● **Records supplied**

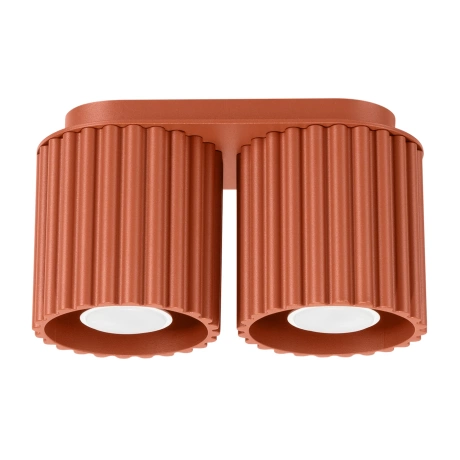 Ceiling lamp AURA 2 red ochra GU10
* * *
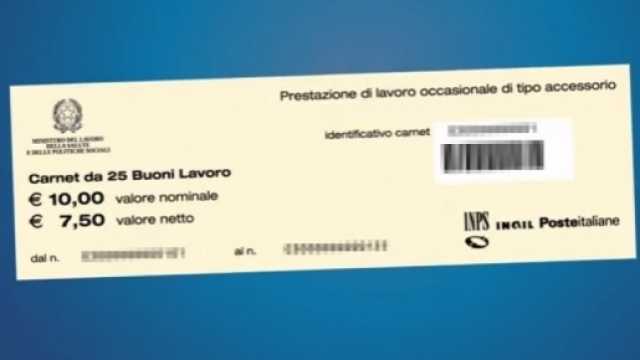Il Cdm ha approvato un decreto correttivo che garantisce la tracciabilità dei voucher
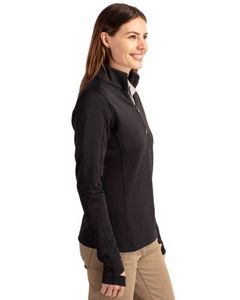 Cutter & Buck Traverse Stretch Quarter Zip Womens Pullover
==
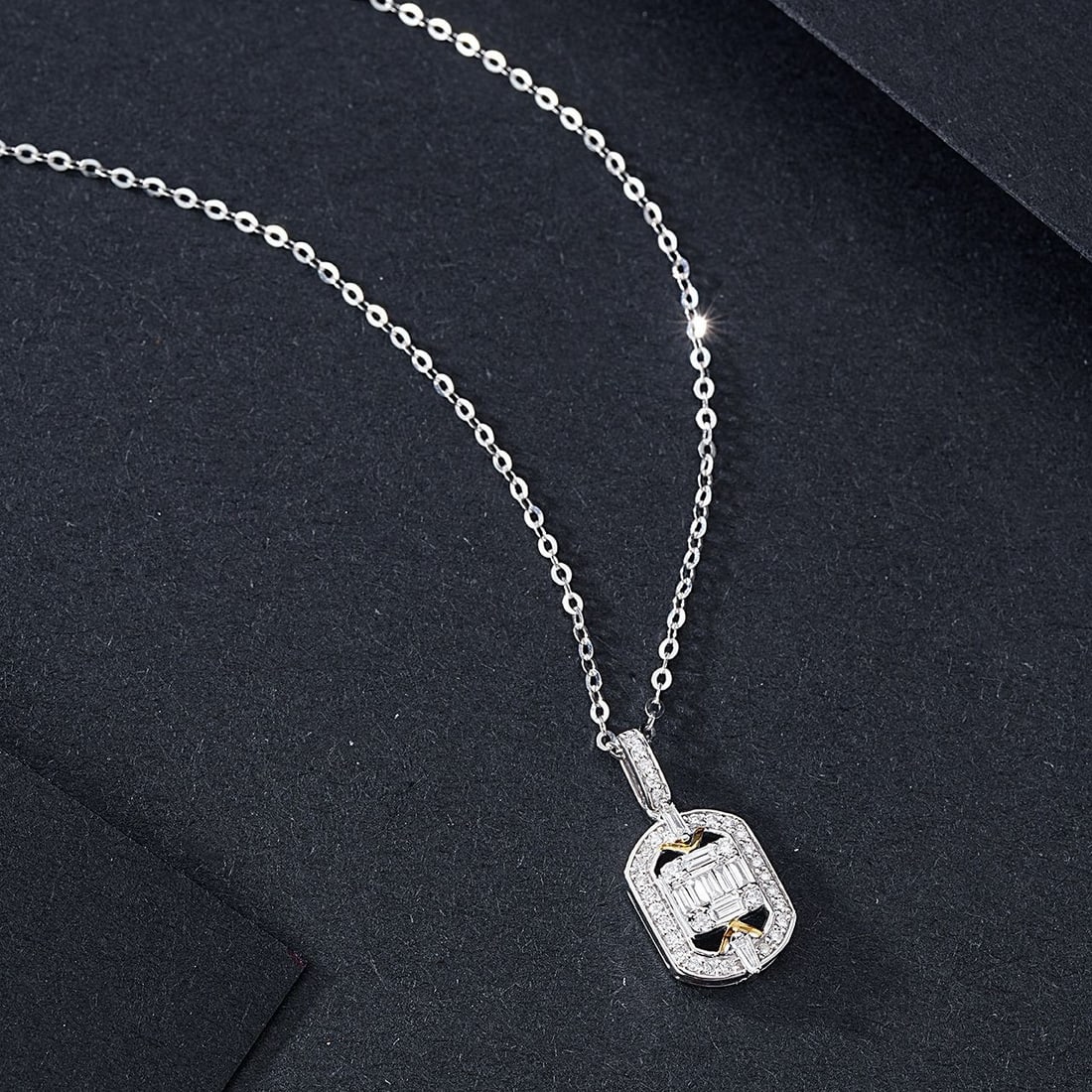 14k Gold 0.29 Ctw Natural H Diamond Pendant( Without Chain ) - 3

● **What is required**
Although pictures appear among the records above, write out exactly only the lines from the one that has "Il Cdm ha approvato" through the one that has "Cutter & Buck", and leave the pictures out.

● **Answer box**
Il Cdm ha approvato un decreto correttivo che garantisce la tracciabilità dei voucher
 Cutter & Buck Traverse Stretch Quarter Zip Womens Pullover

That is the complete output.